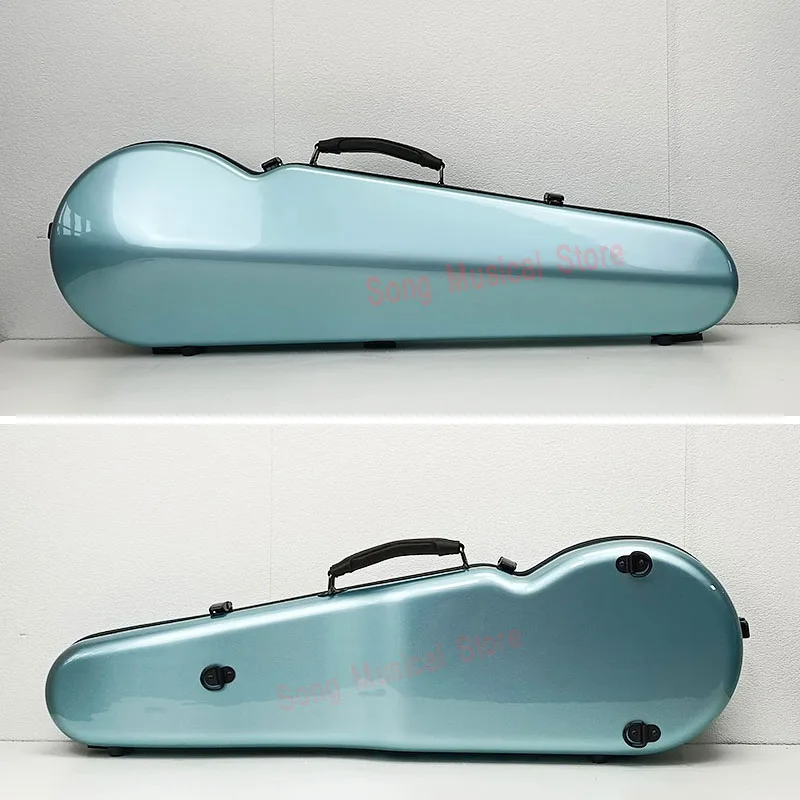 Fast Arrival Multicolor More Sizes 4/4 3/4 1/2 1/4 Violin carbon fiber triangle Box Violin Box Violin Triangle Case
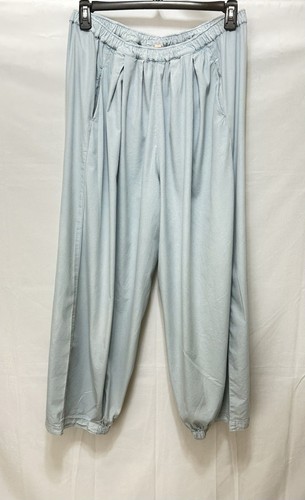 Free People Baggyhose Damen M Blue Sky Fallschirmhose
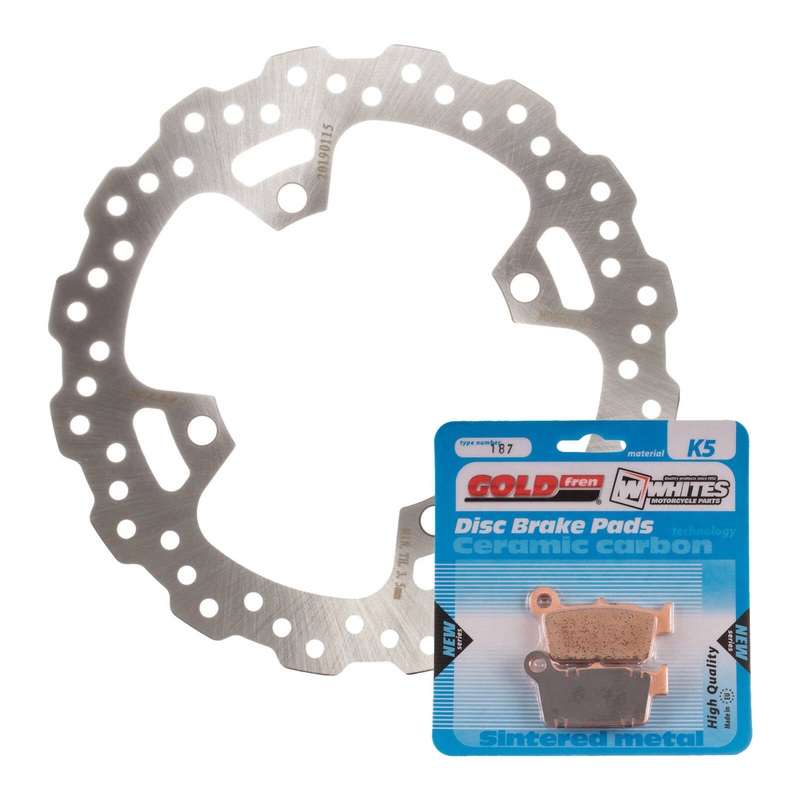 Brake Disc & Pad Rear Kit – Kawasaki KX250F ’04-’15 – Wave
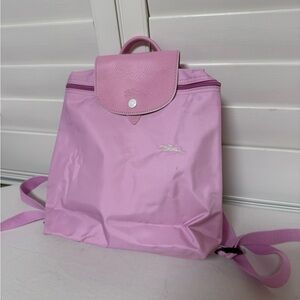 Longchamp Le Pliage Pink Backpack
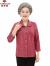 俞兆林中老年人奶奶夏装衬衫上衣70妈妈装夏季七分袖开衫衬衣老人衣服 绿色 2XL 建议105-120斤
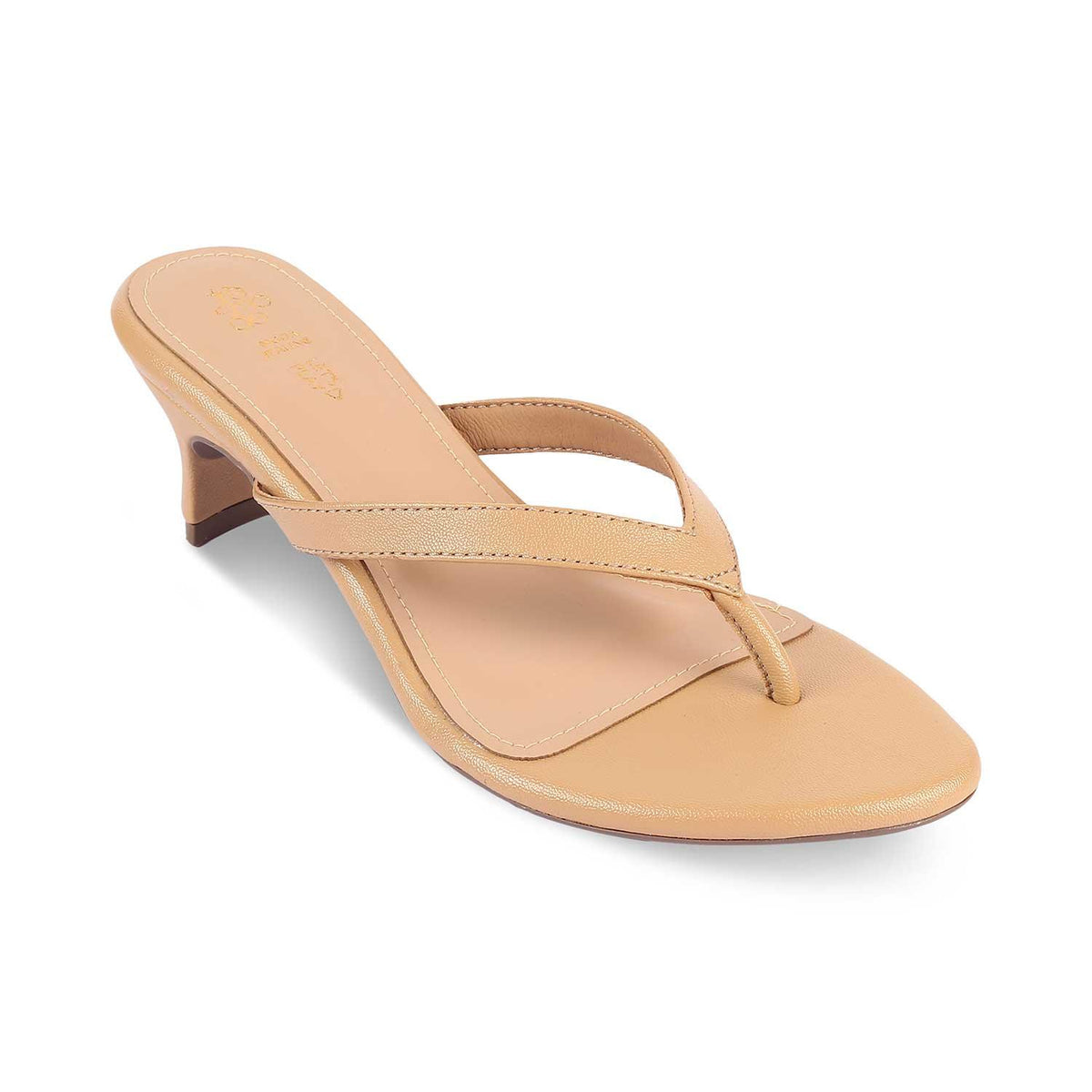 The Puglia Beige Women's Dress Heel Sandals Tresmode - Tresmode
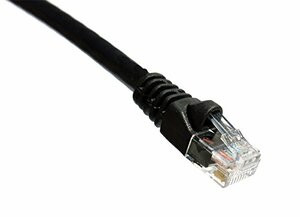 AXIOM C5EMB-K14-AX AXIOM 14FT CAT5E 350MHZ PATCH CABLE MOLDED BOOT (BLACK)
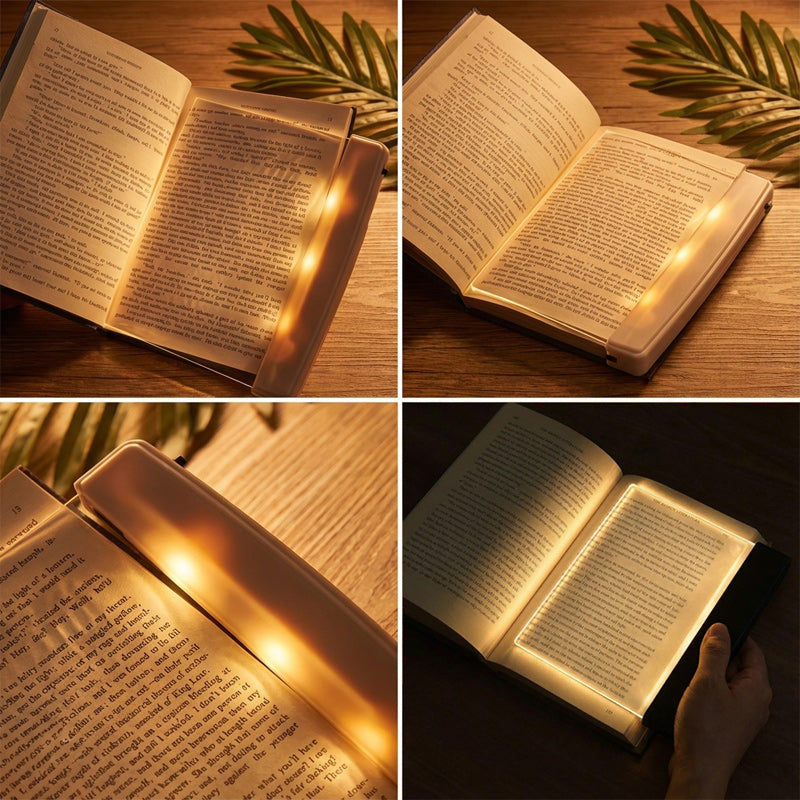 📜【Kup 1, a 1 dostaniesz gratis】💡Lampka do czytania z funkcją widzenia w nocy i płaskim panelem LED, chroniąca oczy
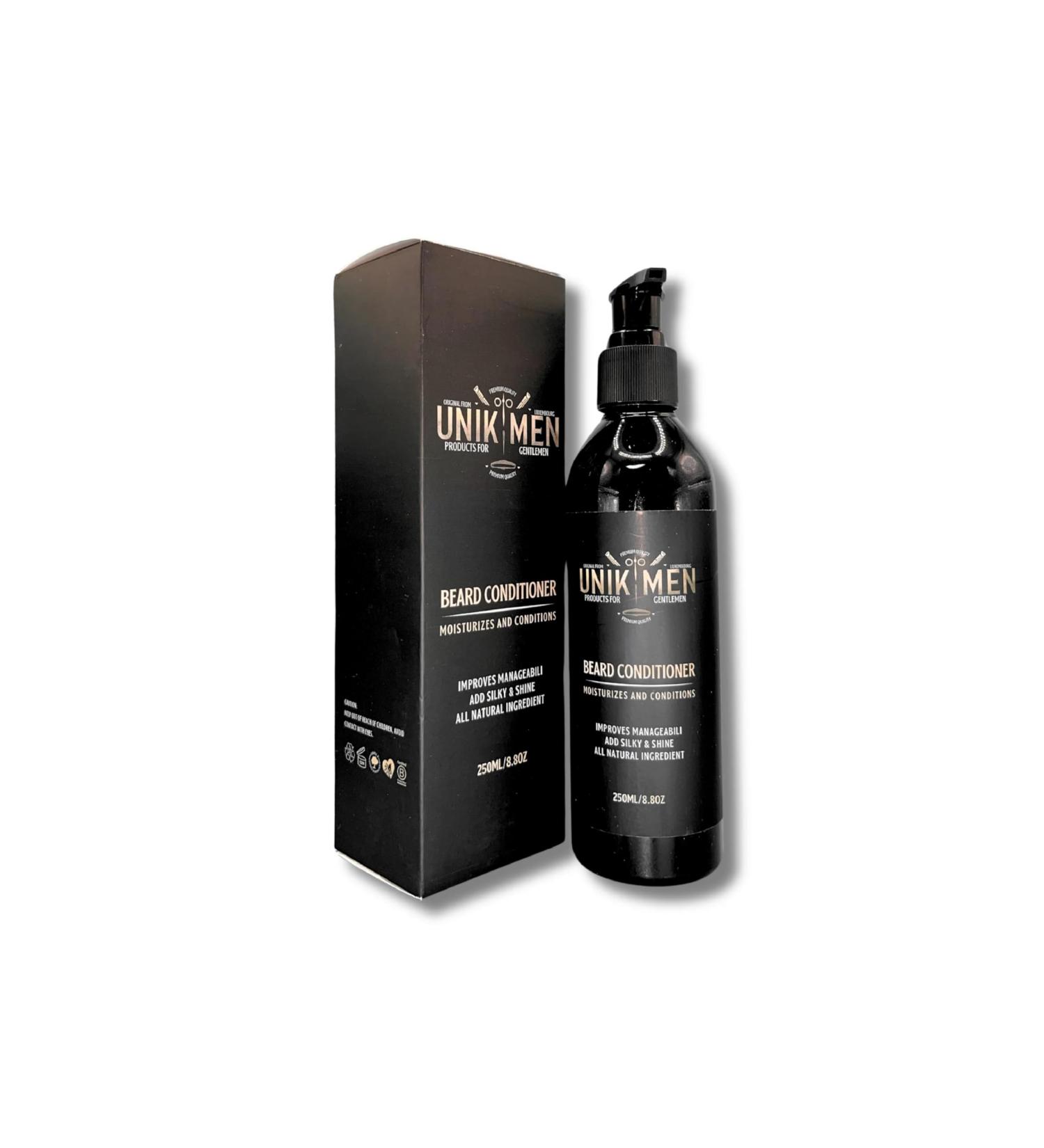 Unik Men Conditionneur pour Barbe avec Huile de Jojoba Aloe Vera et Vitamine E Soin Revitalisant 250ml - Buy Online on GoSupps.com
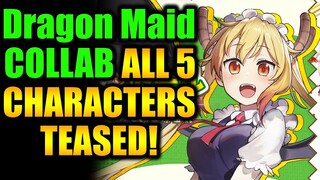 (Alchemy Stars)✨COLLAB CHARACTERS TEASED for Miss Kobayashi's Dragon Maid x Alchemy Stars!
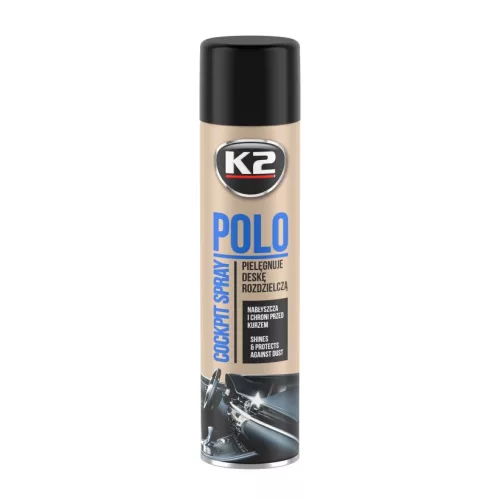 K2 POLO COCKPIT – Műszerfalápoló spray – fahren/új autó illat – fényes hatás – 600 ml 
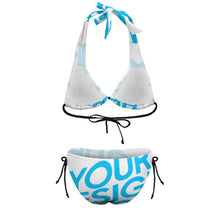 Cargar imagen en el visor de la galería, Bikini en Talla Grande Triángulo Conjunto BK2131 Personalizado con Impresión Completa de una sola imagen con Foto Logo Patrón Texto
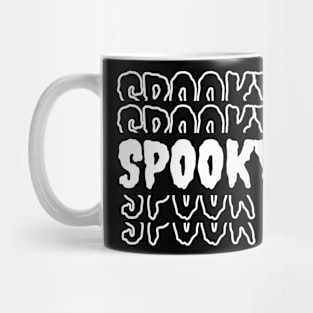 Spooky Halloween Minimalist - Sleek Spooky Design Mug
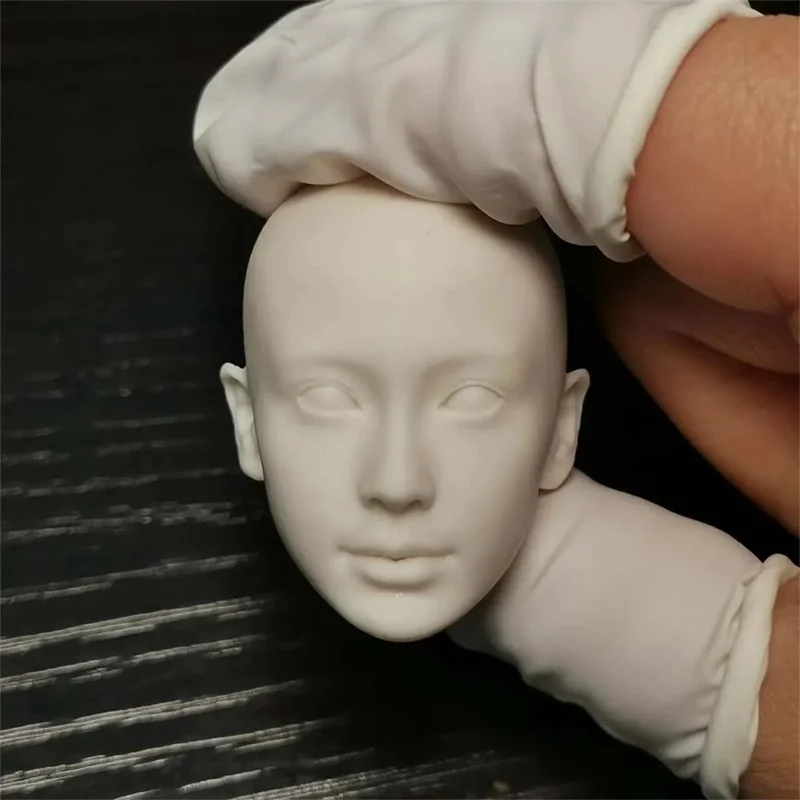 

1/6 Female Soldier Asian Goddess Angela Baby Unpainted Head Carving Model Accessories Fit 12'' Action Figure Body In Stock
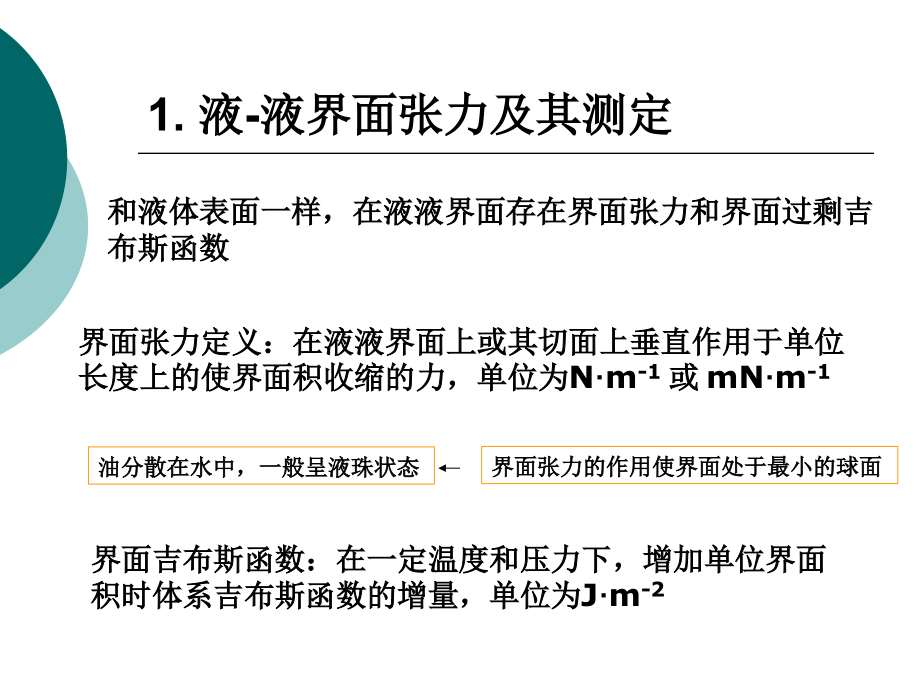 液液界面表面与界面化学指导教程_第3页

◇ ◇ ◇ ◇ ◇

● What needs to be done:
Only the lines from the one containing "(Alchemy Stars)✨COLLAB CHARACTERS" through the final line of the listing should be reproduced, exactly and with no pictures.

● Solution to this problem:
 (Alchemy Stars)✨COLLAB CHARACTERS TEASED for Miss Kobayashi's Dragon Maid x Alchemy Stars!
 K2 POLO COCKPIT – Műszerfalápoló spray – fahren/új autó illat – fényes hatás – 600 ml 
 Cargar imagen en el visor de la galería, Bikini en Talla Grande Triángulo Conjunto BK2131 Personalizado con Impresión Completa de una sola imagen con Foto Logo Patrón Texto
 Spooky Halloween Minimalist - Sleek Spooky Design Mug

1/6 Female Soldier Asian Goddess Angela Baby Unpainted Head Carving Model Accessories Fit 12'' Action Figure Body In Stock
 液液界面表面与界面化学指导教程_第3页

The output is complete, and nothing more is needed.